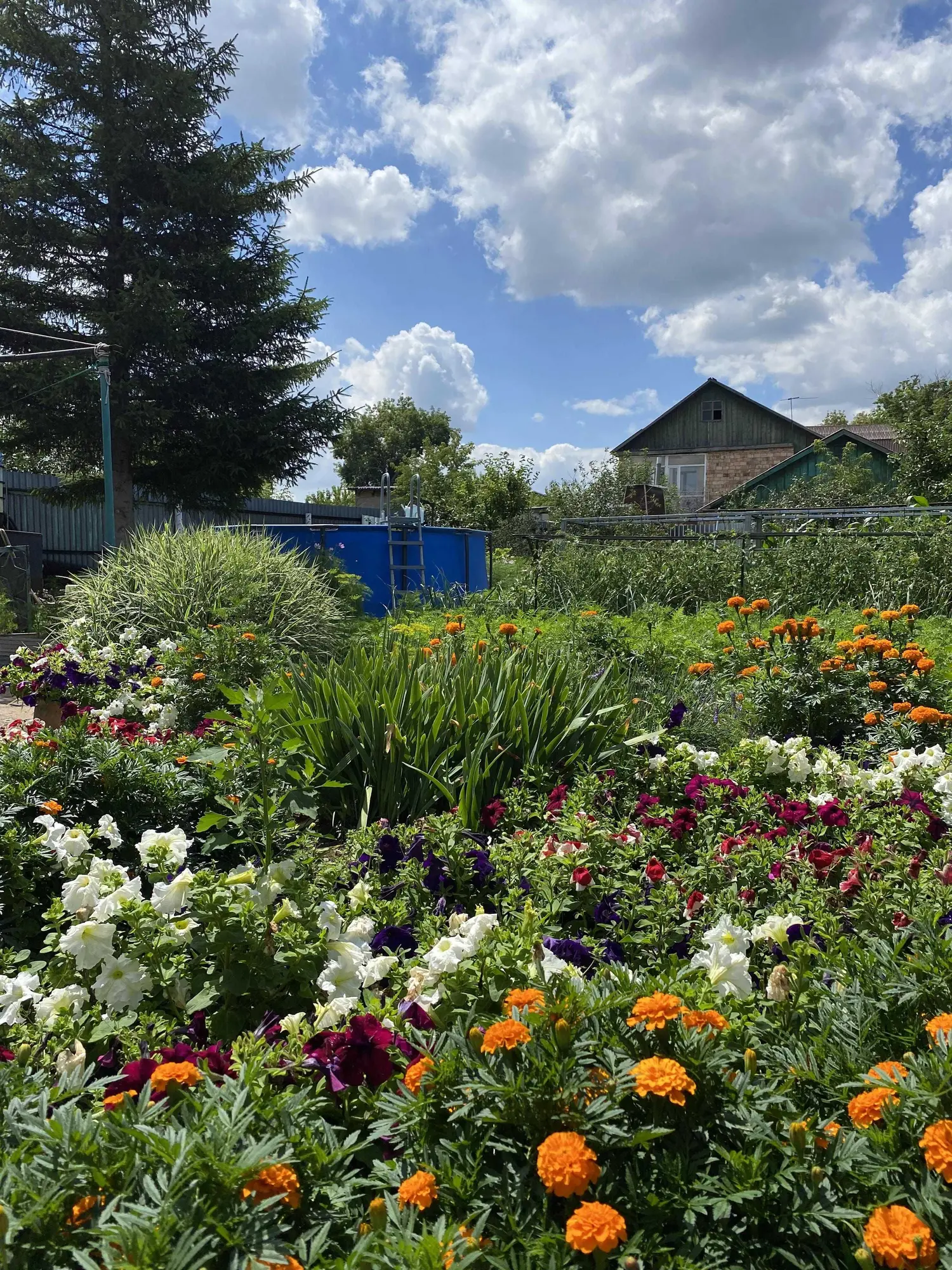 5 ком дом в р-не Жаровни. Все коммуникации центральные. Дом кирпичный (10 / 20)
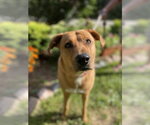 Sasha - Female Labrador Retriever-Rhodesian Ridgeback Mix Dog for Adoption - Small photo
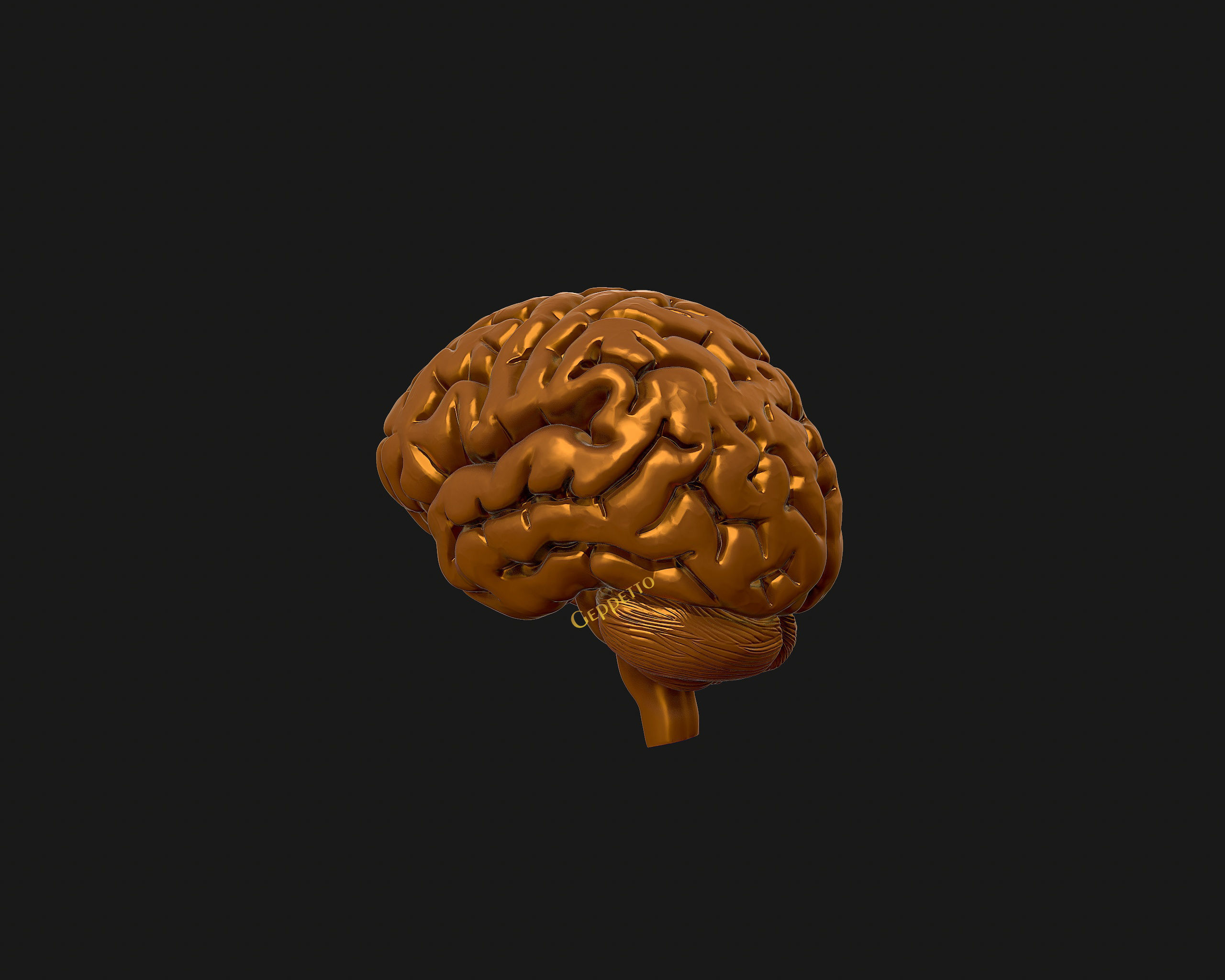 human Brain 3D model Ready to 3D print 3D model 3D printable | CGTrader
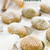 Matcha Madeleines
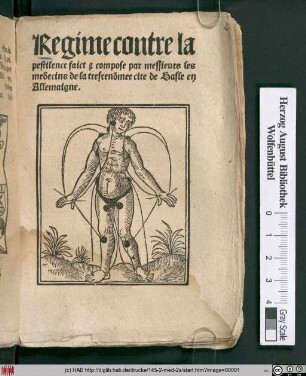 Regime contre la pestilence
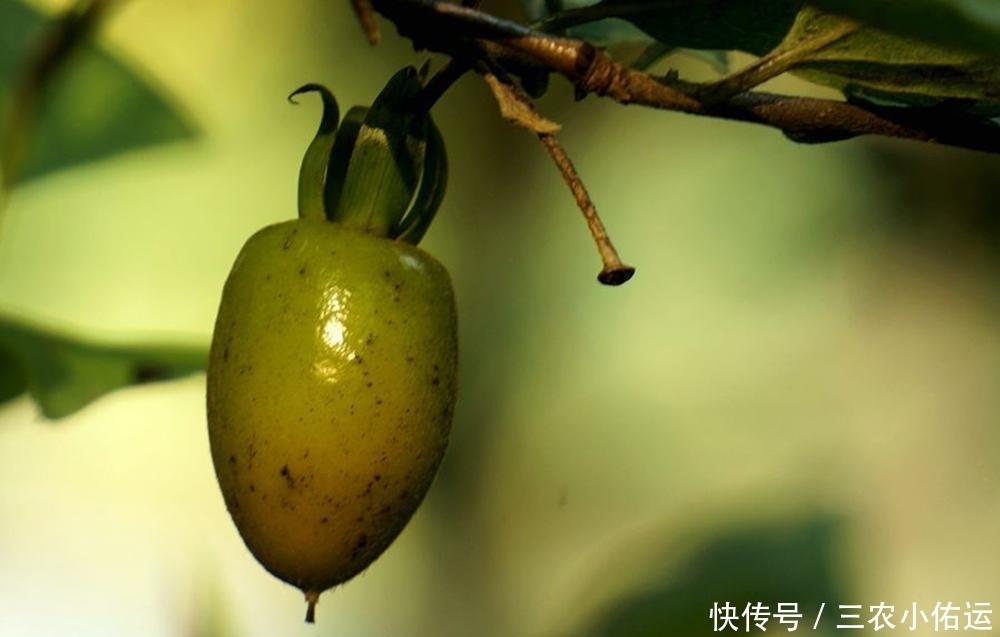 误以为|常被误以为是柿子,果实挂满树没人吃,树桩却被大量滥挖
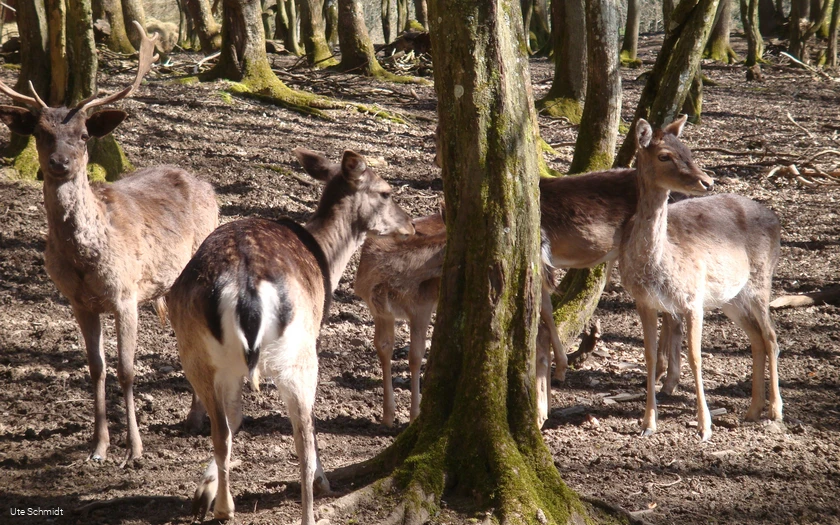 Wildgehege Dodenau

# WORK TO BE COMPLETED
Give back each entry exactly as it appears. Leave pictures out.

# SOLUTION FOR THIS PROBLEM
 5 ком дом в р-не Жаровни. Все коммуникации центральные. Дом кирпичный (10 / 20)
 Sasha - Female Labrador Retriever-Rhodesian Ridgeback Mix Dog for Adoption - Small photo
 human Brain 3D model Ready to 3D print 3D model 3D printable | CGTrader
 Matcha Madeleines
 Regime contre la pestilence
 误以为|常被误以为是柿子,果实挂满树没人吃,树桩却被大量滥挖
 Wildgehege Dodenau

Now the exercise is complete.